-- SUPPLIED DATA follows --
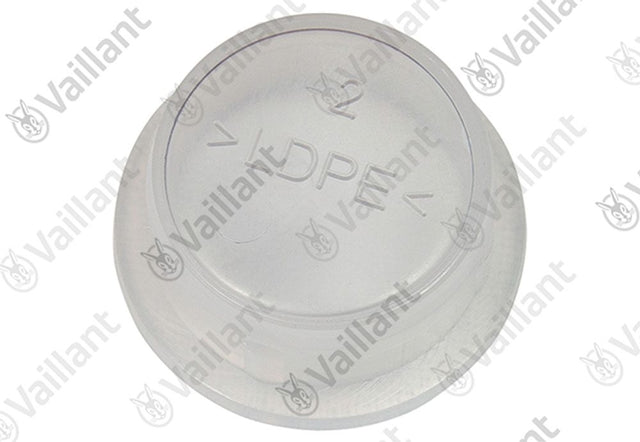 VAILLANT Stopfen, Zuluftstopfen VKK 186/5 R1 u.w. Vaillant-Nr. , 0020222169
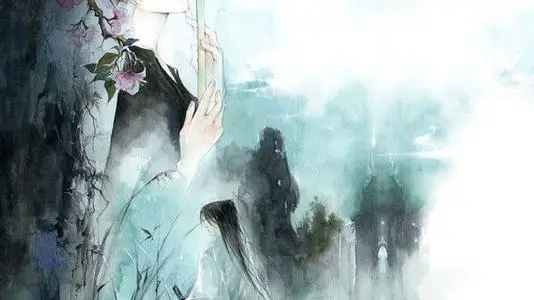 古风伤感高情商说说文案大全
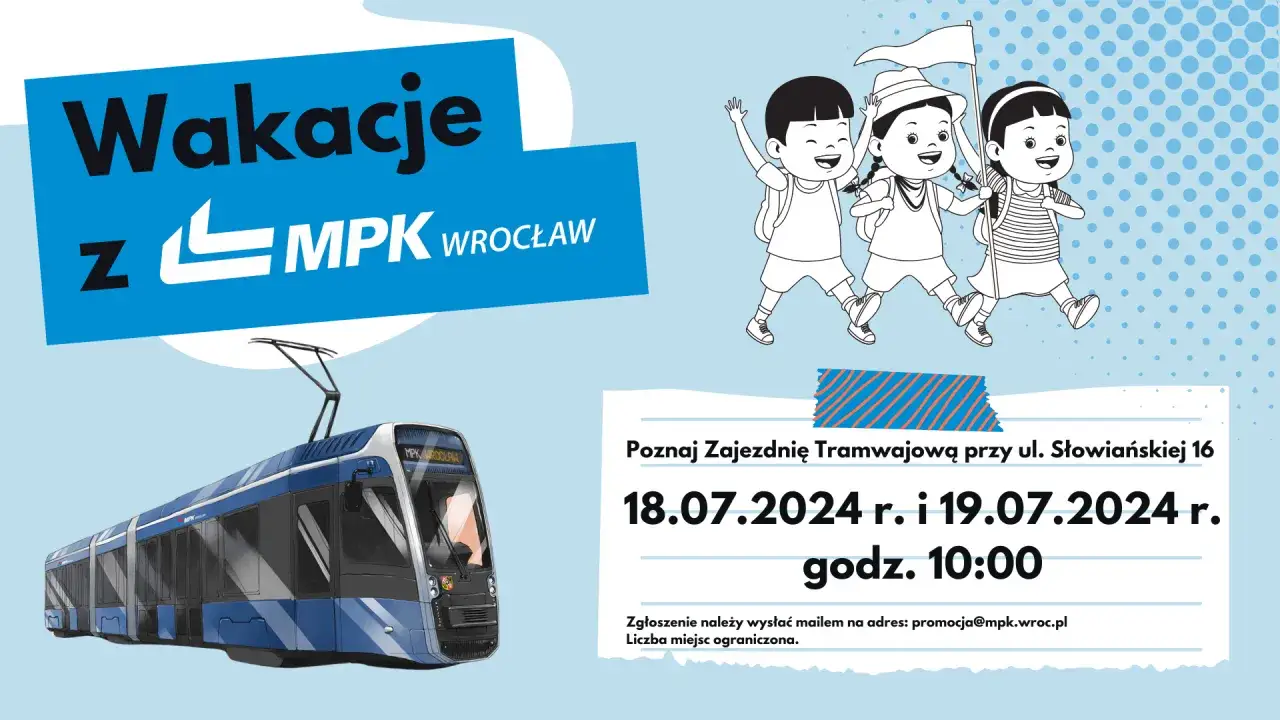 Czy uczeń jeździ za darmo we Wrocławiu? Zasady MPK 2024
-- SUPPLIED DATA concluded --
• DESCRIPTION OF THE TASK: Repeat the data word for word; drop the pictures.

• SOLUTION TO THE PROBLEM:
 VAILLANT Stopfen, Zuluftstopfen VKK 186/5 R1 u.w. Vaillant-Nr. , 0020222169
 古风伤感高情商说说文案大全
 Czy uczeń jeździ za darmo we Wrocławiu? Zasady MPK 2024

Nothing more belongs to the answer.